Cunningham, who said if she become a professional athlete she’d like to host basketball camps through Fellowship of Christian Athletes, had not been involved with the Ronald McDonald House prior to the All-American festivities. Now, she plans to get involved with the local house in Columbia.
By choosing to play at Missouri, she’ll remain in her hometown. She begins college with a status unlike any other Tiger women’s basketball player. She’s the program’s first McDonald's All-American and is marketed as such with tweets from the team's official account. She figures she might as well embrace it.
“Wow," Godish thought as Cunningham visited the Ronald McDonald House on Sunday. "She gets it.” While other All-Americans talked among themselves or watched an NBA game on TV, Cunningham made an effort to reach out to the kids.

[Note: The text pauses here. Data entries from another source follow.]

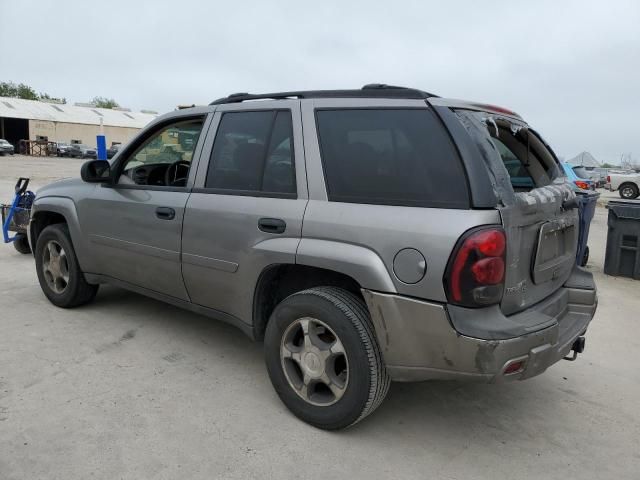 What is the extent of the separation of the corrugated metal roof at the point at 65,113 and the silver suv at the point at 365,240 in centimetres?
5206

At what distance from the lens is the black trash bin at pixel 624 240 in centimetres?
Result: 682

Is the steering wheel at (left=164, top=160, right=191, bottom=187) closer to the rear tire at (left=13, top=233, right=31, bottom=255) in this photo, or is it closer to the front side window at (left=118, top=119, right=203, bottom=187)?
the front side window at (left=118, top=119, right=203, bottom=187)

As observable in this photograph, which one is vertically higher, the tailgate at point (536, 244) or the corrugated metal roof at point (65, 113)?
the corrugated metal roof at point (65, 113)

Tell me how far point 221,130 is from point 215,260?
0.88m

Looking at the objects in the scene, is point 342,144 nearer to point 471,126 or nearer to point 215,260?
point 471,126

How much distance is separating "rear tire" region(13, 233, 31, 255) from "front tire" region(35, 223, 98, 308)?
2.58 metres

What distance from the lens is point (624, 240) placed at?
6.92m

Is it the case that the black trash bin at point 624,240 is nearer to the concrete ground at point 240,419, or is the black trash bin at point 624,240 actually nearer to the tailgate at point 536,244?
the concrete ground at point 240,419

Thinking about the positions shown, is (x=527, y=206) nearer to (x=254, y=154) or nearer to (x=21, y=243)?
(x=254, y=154)

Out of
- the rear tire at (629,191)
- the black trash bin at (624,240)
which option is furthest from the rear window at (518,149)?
the rear tire at (629,191)

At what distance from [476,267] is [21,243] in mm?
6675

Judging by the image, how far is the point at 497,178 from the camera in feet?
8.05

She told Godish at the visit that she’d write Bradley’s name on the sneakers she wore throughout the week, and she did.
He thanked her for how she embraced his son.
In the suite Wednesday night, he didn’t want to keep her long, he said. But she said she didn’t want to leave.
“I’m so glad I got to meet you guys,” Cunningham told Brian Godish just before she finally made her way out of the luxury suite after 20 minutes. “It really has changed my perspective.”
There in the skybox, the trip to Chicago was made perfect.
Supervising editor is Seth Boster.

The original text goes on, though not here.